Representation in a limited partnership

As a general rule, a limited partnership is represented by all general partners. They have the right to represent the partnership independently, however, it is worth emphasising that under the articles of association or a valid court ruling, this matter may be regulated differently. Limited partners may only represent a limited partnership as proxies. This is important because if a limited partner makes a legal transaction on behalf of the partnership without disclosing their power of attorney, they are liable for the effects of that transaction towards third parties without limitation.

Limited partnership agreement

The agreement of a limited partnership must include: the partnership’s name and registered office, the subject of its activity, the duration of the partnership (only if specified), identification of contributions made by partners together with their value and identification of the commendam sum, i.e. the scope of limited partners’ liability for the company’s debts. The limited partnership agreement is concluded in the form of a notarial deed or using a template agreement available in the S24 system, and unless the partnership agreement provides otherwise, it may be amended only with the consent of all partners (i.e. also limited partners).

Liability for debts of a limited partnership

The amount of liability of a partner in a limited partnership depends on their status, i.e. whether they are a general partner or a limited partner. General partners are liable to the company’s creditors without limitation with all of their personal assets, while limited partners are liable only up to the amount of the commendam sum, with the proviso that they are exempt from this liability within the limits of their contribution. That is, if the maturing debt of the partnership is PLN 100,000, the commendam sum is PLN 20,000 and the contribution of both general and limited partners is PLN 5,000, the creditor can execute:

  • from general partners: the whole amount, i.e. PLN 100,000 (in this case the value of the contribution and the commendam sum are irrelevant);
  • from limited partners: the difference between the commendam sum and the value of the contribution made by the limited partner, i.e. PLN 15,000

It should also be noted that the liability for the partnership’s debts is based on the subsidiary liability model, i.e. the execution from the partners’ assets is possible only if the execution from the partnership’s assets fails.

Differences between a limited partnership and a limited liability partnership (spółka z ograniczoną odpowiedzialnością)

A limited partnership is much easier to establish and operate than a limited liability company, which is related to its personal nature, assuming personal involvement of general partners in the partnership’s activities.
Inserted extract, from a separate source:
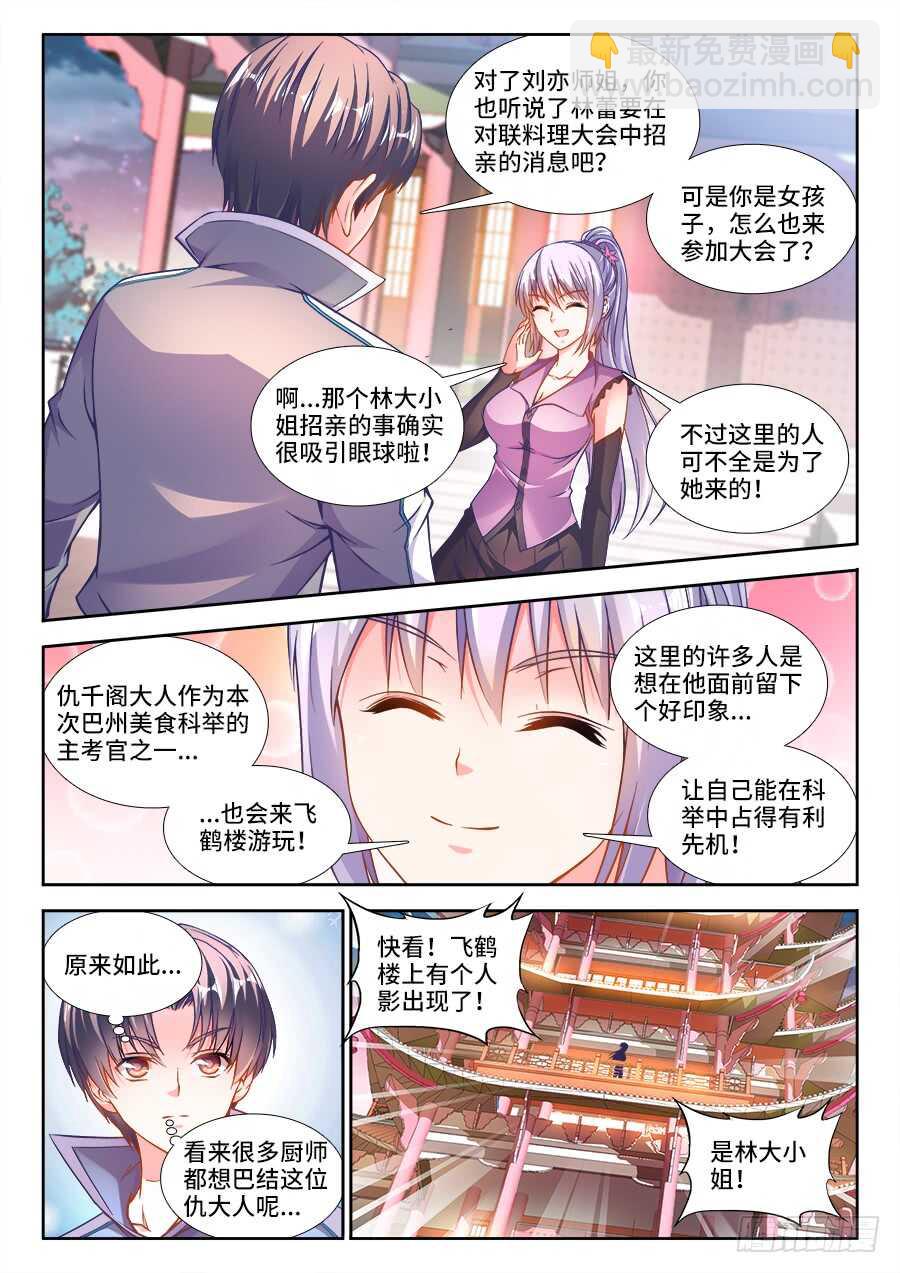 242、气球-第242话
The matter of liability for the company’s debts is also very important. The above-described liability for debts of a limited partnership is very broad and often times assumes unlimited liability of a partner. This is a broad difference compared to the liability for the debts of a limited liability company, in which the partners, as a rule, are not responsible for its liabilities at all. A limited liability company has legal personality, which makes it – in contrast to a limited partnership – a completely separate legal entity.

How to establish a limited partnership – a to-do list

  1. A partnership agreement must be concluded in writing under the pain of nullity. The partners may also use a template of an agreement available in the S24 system.
  2. Filing an electronic application for company registration (as of July 1, 2021, registry courts in Poland will no longer accept paper applications). If the agreement is in form of a notarial deed, the request for establishment is made through the Court Records Portal. If the agreement was concluded using a template, the application must be submitted through the S24 IT system.
  3. Registration of the company in the National Court Register by the registration court.